APRS – Making it work

Jim,
I took a trip from Bellevue to Pullman, WA yesterday and ran APRS the whole way using the APRSdroid app on a cellphone. I just added OUTNET into the message, that’s it.

My observation is that Outernet scoops the APRS database once every five minutes, and thus during some five minute intervals several APRS messages can get reported.

WA4OSH-5>APDR14,TCPIP*,qAC,T2GYOR:=4642.74N/11710.55W$120/002/A=002424 OUTNET
KE7WWT-1>APMI01,TCPIP*,qAS,KE7WWT:OUTNET
WA4OSH-5>APDR14,TCPIP*,qAC,T2GYOR:=4642.74N/11710.56W$258/002/A=002368 OUTNET
WA4OSH-5>APDR14,TCPIP*,qAC,T2GYOR:=4642.75N/11710.56W$059/002/A=002349 OUTNET

–Konrad, WA4OSH

1 Like

Just another public request. I know ya’ll are busy… but could you please code a filter, or search box, or a checkbox maybe for “Do not show callsigns that report more than 10 posts in the last 24 hours” on the Messages window?

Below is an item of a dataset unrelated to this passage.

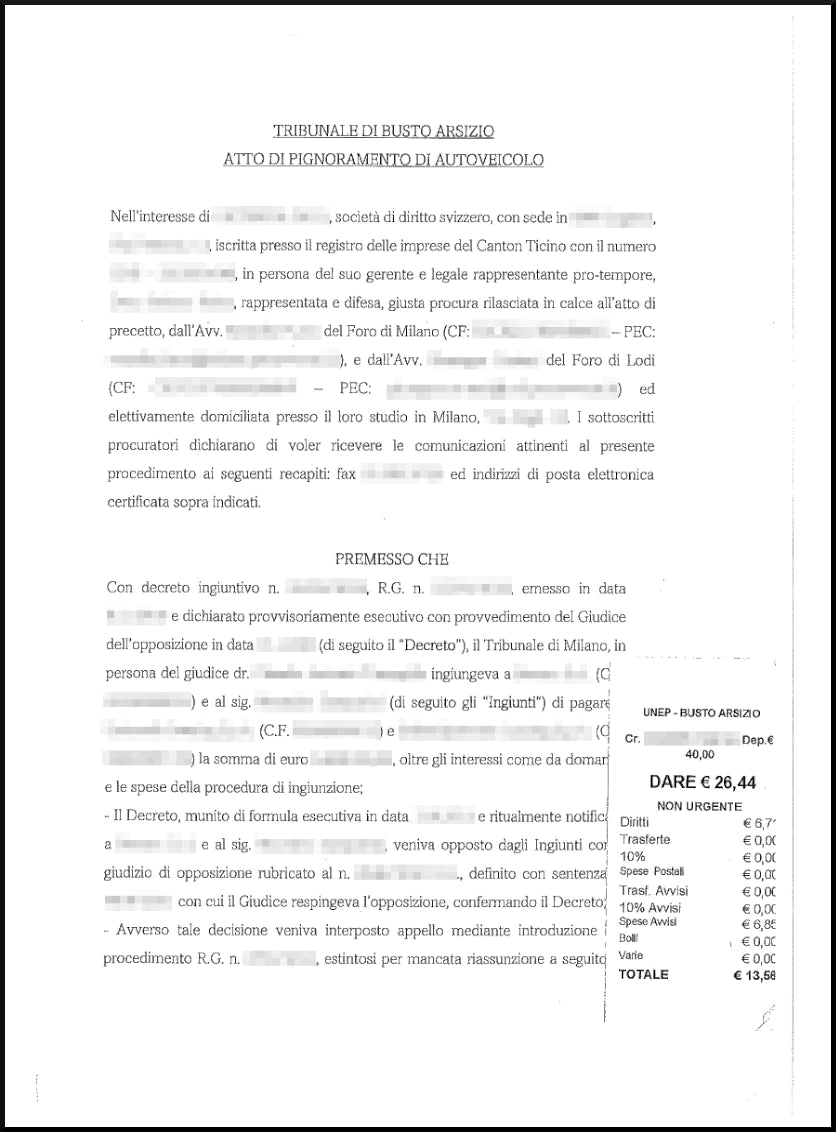 Trascrizione pignoramento autoveicolo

Something to filter out the person (and maybe more in the future) that add “OUTNET” to their 10 minute position reports causing just pages and pages of the same.

Maybe I’m totally on my own here, and it just bugs me and only me… but still going to ask :slight_smile:

If I was better at linux and scripting… I’m sure one could write something that can “blacklist” callsigns and have them not show up.

Leaving on a positive note, a trigger feature would be great. If a call, list of calls, or say “emergency” appears in the text of an APRS message… The DC’s screen could, for example, flash either by backlight control, or just something like 1 second of 100% black background and then 1 second of “Call from WB1234” or “APRS Message” or “APRS Emergency” in large visible text.

Regardless, for most people Outernet will run in the background. Having a visual or audio “you’ve got mail” feature would be so great!

Thanks.

-liam

Clavo,
So if I hear you right, rather than looking into the file system, you would love to have an app that greps through your received downloads/Amateur Radio/APRS/APRSAT directory at all the .txt files for ones that match a certain call sign? (like the search box in APRS.fi?)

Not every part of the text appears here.